Policies and Restrictions:  As a fundamental policy, the Fund may purchase
securities subject to repurchase agreements but may not cause more than 10%
of its assets to be subject to repurchase agreements not terminable within
seven days.

Illiquid Investments.  Illiquid investments may be difficult to sell
promptly at an acceptable price.  Difficulty in selling securities may
result in a loss or may be costly to the Fund.

Policies and Restrictions:  The Fund may not purchase a security if, as a
result, more than 10% of its net assets would consist of illiquid
investments.

Diversification.  Diversifying the Fund's investment portfolio can reduce
the risks of investing.  This may include limiting the amount of money
invested in any one issuer or, on a broader scale, in any one industry.

Policies and Restrictions:  As a fundamental policy, the Fund may not buy a
security if, as a result, it would own more than 10% of the voting
securities of an issuer, or if more than 5% of the Fund's total assets
would be invested in securities of that issuer.

As a fundamental policy, the Fund may not buy a security if, as a result,
more than 25% of the Fund's total assets would then be invested in
securities of companies in any one industry.

Lending.  Securities loans may be made on a short-term or long-term basis
for the purpose of increasing the Fund's income.  This practice could
result in a loss or a delay in recovering the Fund's securities.  Loans
will be made only to parties deemed by WRIMCO to be creditworthy.

   Policies and Restrictions:  As a fundamental policy, the Fund will not
lend more than 10% of its assets at any one time, and such loans must be on
a collateralized basis in accordance with applicable regulatory
requirements.

Other Instruments may include warrants and securities of closed-end
investment companies.  As a shareholder in an investment company, the Fund
would bear its pro rata share of that investment company's expenses, which
could result in duplication of certain fees, including management and
administrative fees.    

Policies and Restrictions:  As a fundamental policy, the Fund may purchase
warrants if, as a result of such purchase, no more than 2% of its net
assets would consist of warrants.

   As a fundamental policy, the Fund may buy shares of other investment
companies that do not redeem their shares only if it does so in a regular
transaction in the open market and not more than 10% of the Fund's total
assets would be invested in such shares.  The Fund does not currently
intend to invest more than 5% of its assets in such securities.

The Fund does not intend to purchase the securities of any issuer if, as a
result, more than 10% of its total assets would be invested in the
securities of business enterprises that, including predecessors, have a
record of less than three years of continuous operation.    

<PAGE>
About Your Account

The different ways to set up (register) your account are listed below.

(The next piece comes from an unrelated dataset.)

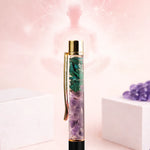 Decorative water bottle with green leaf design on a pink background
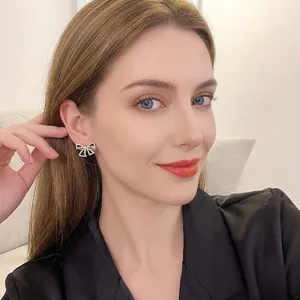 Elegant s925 silver black bow earrings with rhinestones shown on model for size and style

     Ways to Set Up Your Account

- -------------------------------------------------

Individual or Joint Tenants
For your general investment needs

Individual accounts are owned by one person.  Joint accounts have two or
more owners (tenants).

- -------------------------------------------------

Business or Organization
For investment needs of corporations, associations, partnerships,
institutions or other groups

- -------------------------------------------------

Retirement
To shelter your retirement savings from taxes

Retirement plans allow individuals to shelter investment income and capital
gains from current taxes.  In addition, contributions to these accounts may
be tax deductible.

_ Individual Retirement Accounts (IRAs) allow anyone of legal age and
  under 70 1/2 with earned income to invest up to $2,000 per tax year.
  The maximum is $2,250 if the investor's spouse has less than $250 of
  earned income in the taxable year.

_ Rollover IRAs retain special tax advantages for certain distributions
  from employer-sponsored retirement plans.

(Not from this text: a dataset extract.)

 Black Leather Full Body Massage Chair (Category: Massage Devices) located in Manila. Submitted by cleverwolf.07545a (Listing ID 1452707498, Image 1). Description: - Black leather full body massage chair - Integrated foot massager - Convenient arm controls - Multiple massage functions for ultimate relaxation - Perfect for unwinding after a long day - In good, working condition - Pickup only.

_ Simplified Employee Pension Plans (SEP - IRAs) provide small business
  owners or those with self-employed income (and their eligible employees)
  with many of the same advantages as a Keogh, but with fewer
  administrative requirements.

_ Keogh Plans allow self-employed individuals to make tax-deductible
  contributions for themselves up to 25% of their annual earned income,
  with a maximum of $30,000 per year.

_ 401(k) Programs allow employees of corporations of all sizes to
  contribute a percentage of their wages on a tax-deferred basis.  These
  accounts need to be established by the administrator or trustee of the
  plan.

_ 403(b) Custodial Accounts are available to employees of public school
  systems or certain types of charitable organizations.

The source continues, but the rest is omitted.